Der Spiegel (online) is a German news website. Before the renaming in January 2020, the website's name was Spiegel Online (short SPON).

It was founded in 1994 as the online offshoot of the German news magazine, Der Spiegel, with a staff of journalists working independently of the magazine. Today, it is the most frequently quoted online media product in Germany. Spiegel Online International, a section featuring articles translated into English, was launched in autumn 2004. In 2019, its editorial office was merged with the one of the printed Spiegel and in 2020, the website was renamed accordingly.

Company and editorial staff
The news website Der Spiegel (online) is run by Der Spiegel GmbH & Co. KG (formerly Spiegel Online GmbH & Co. KG), itself a wholly owned subsidiary of Spiegel-Verlag.
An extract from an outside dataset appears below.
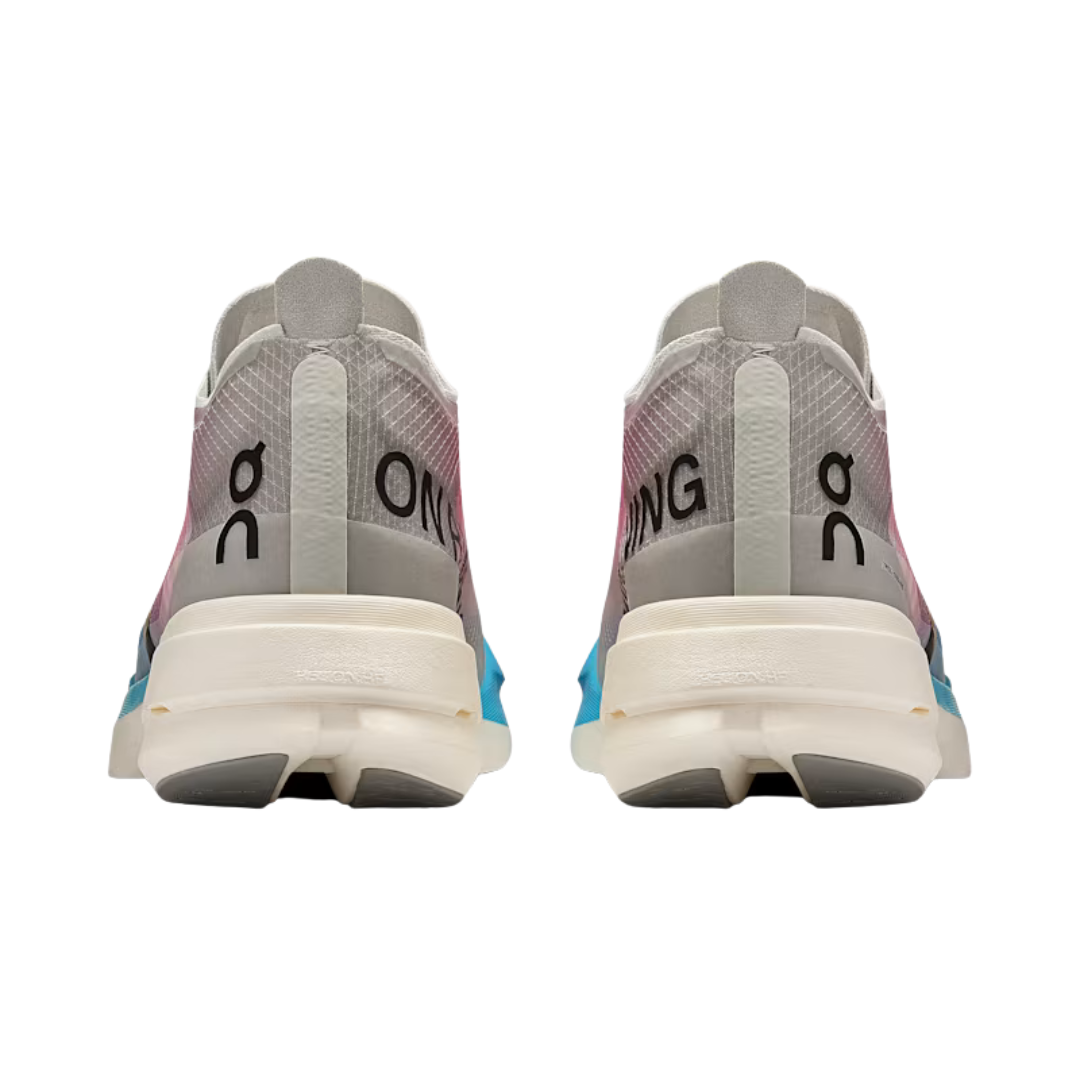 Cloudboom Strike White | Horizon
The editorial offices of the news website and the print magazine Der Spiegel were separate operations, that had their own offices, authors and content until January 2020. Now, content for both media is created by a shared editorial team. 

Der Spiegel (online) has a record of profitability. Regular staff includes 150 people in the Hamburg headquarters, complemented by freelancers, and domestic and international news bureaus. In the German capital, Berlin, 15 correspondents cover the German federal government, political parties, corporations and artists. The Munich and Düsseldorf offices have one correspondent each. There are journalists based in Washington, D.C., New York, London, Moscow, New Delhi and Istanbul. The online news staff also receives support from Der Spiegel magazine's network of correspondents in Germany and abroad. The site also uses content from news agencies such as AFP, AP, dpa and Reuters.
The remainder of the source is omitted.